#### [What you need to do]
Down to the final line, print the records below exactly and without pictures.

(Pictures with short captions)

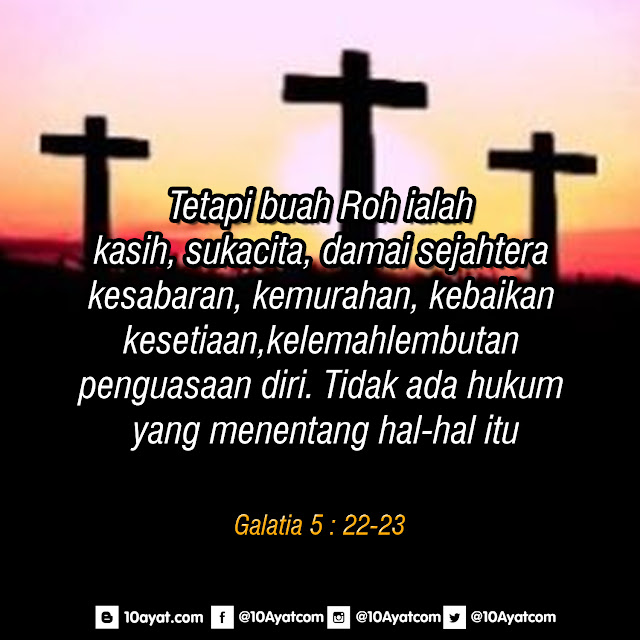 Galatia%2B5 %2B22 23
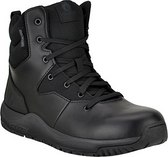 Men's Volcom 6" Waterproof Tactical Side-Zip Work Boot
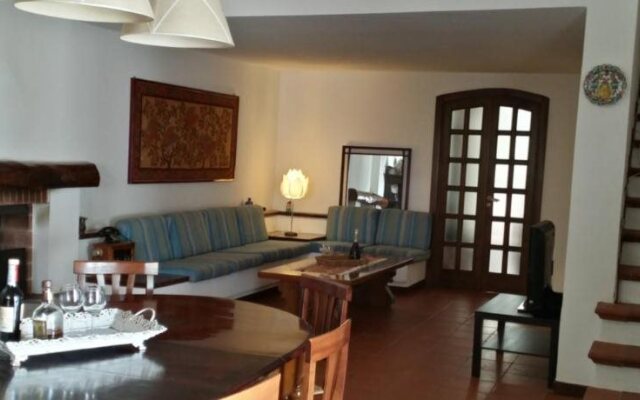 HelloApulia Villa Carenza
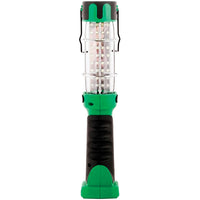 Thumbnail for Southwire® 36-LED Rechargeable Trouble Light, Green/Black, 1/Each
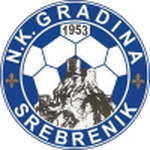 Gradina logo
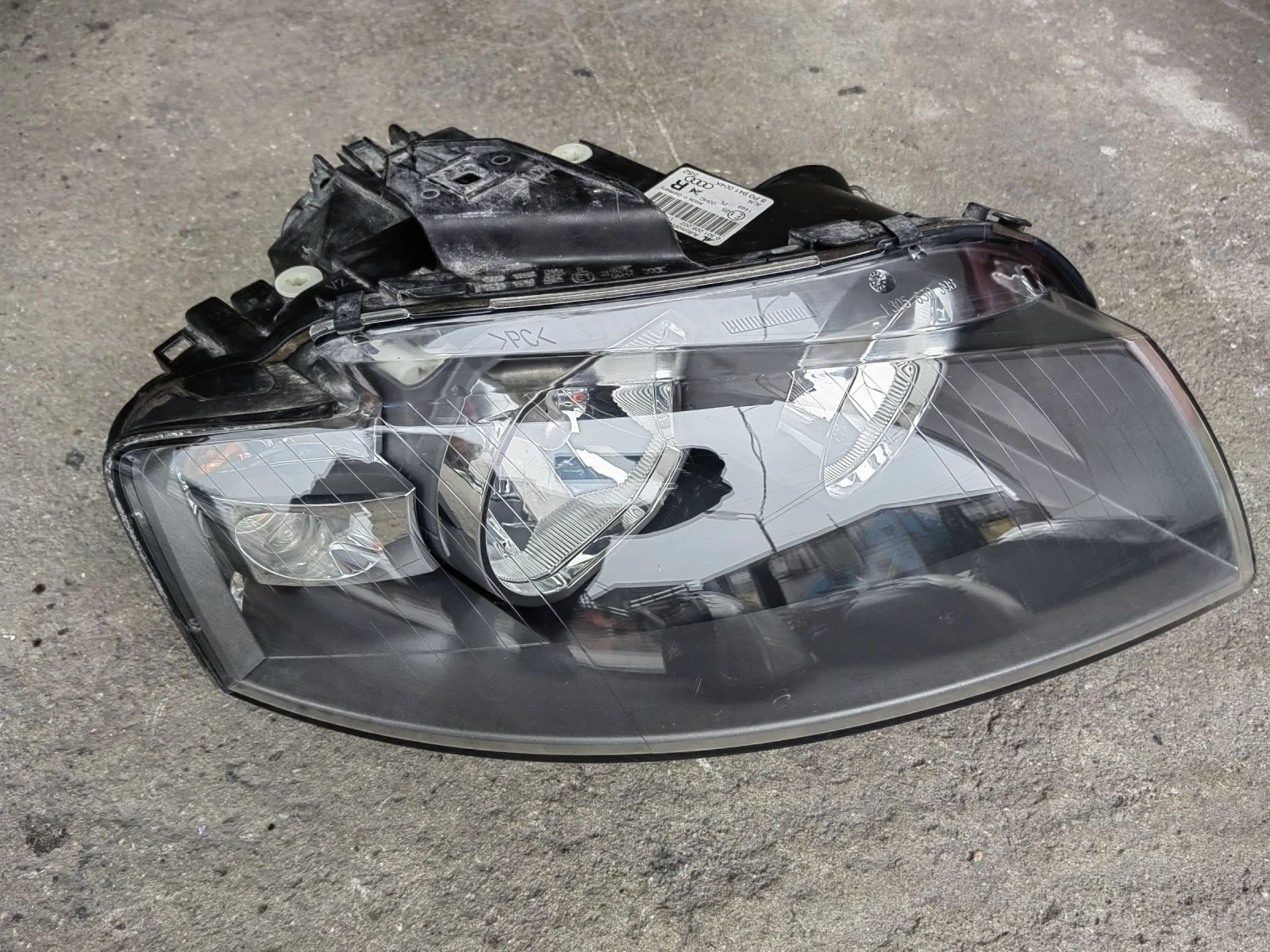    Audi A3 2005.  | Mobile.bg   1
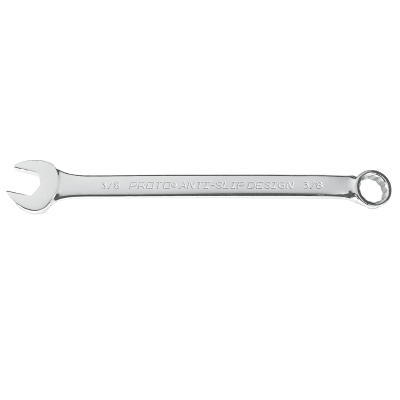 Proto 1/4" Combination Wrench 12 Pt.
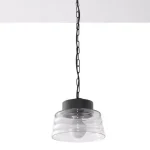 Legkelendőbb Lampa wisząca MARINA grafit KOBI-000917 KOBI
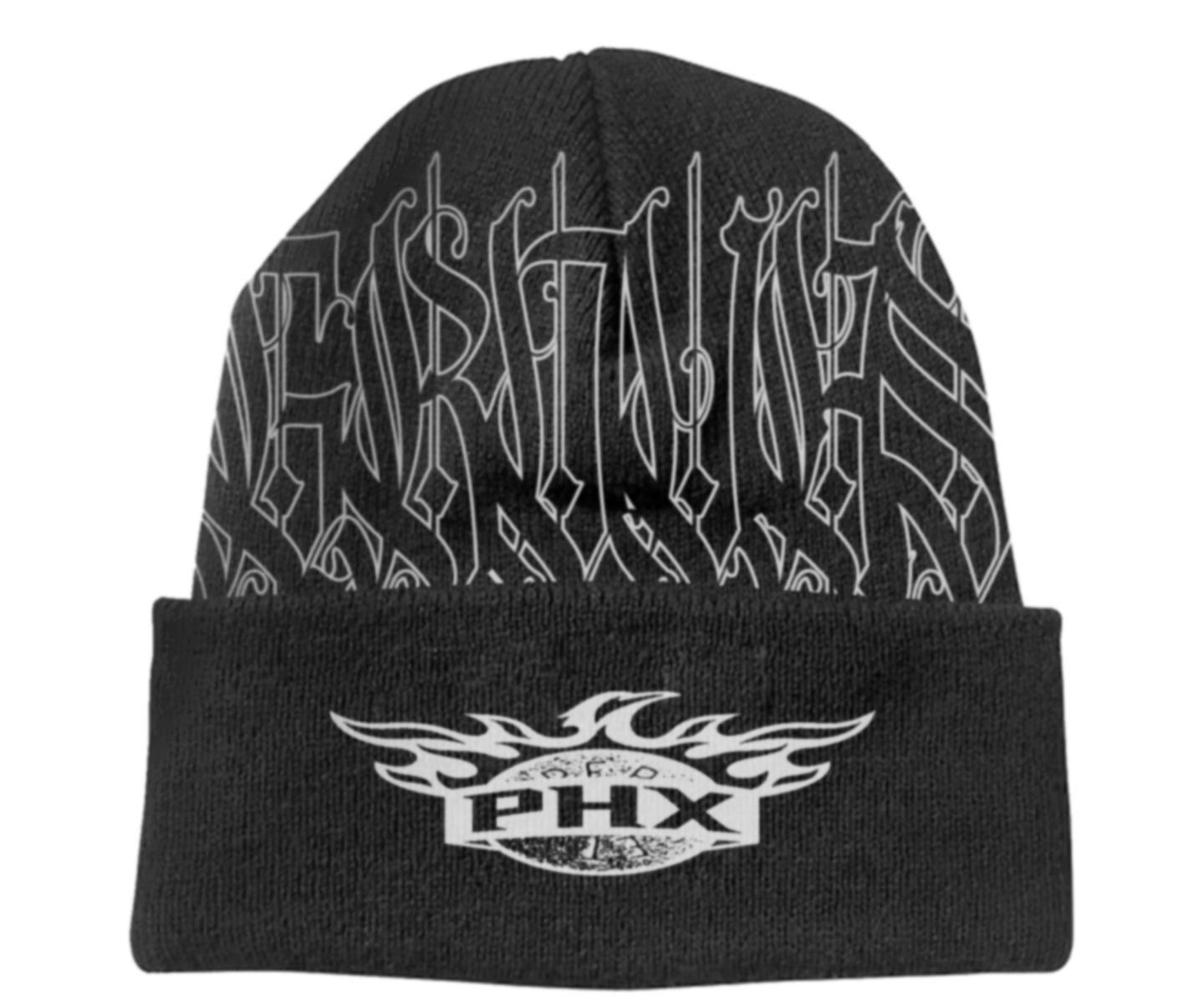PHX GROVAS CHRONICLE BEANIE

#### [Answer to this problem]
 Galatia%2B5 %2B22 23
 Men's Volcom 6" Waterproof Tactical Side-Zip Work Boot
 HelloApulia Villa Carenza
 Thumbnail for Southwire® 36-LED Rechargeable Trouble Light, Green/Black, 1/Each
 Gradina logo
    Audi A3 2005.  | Mobile.bg   1
 Proto 1/4" Combination Wrench 12 Pt.
 Legkelendőbb Lampa wisząca MARINA grafit KOBI-000917 KOBI
PHX GROVAS CHRONICLE BEANIE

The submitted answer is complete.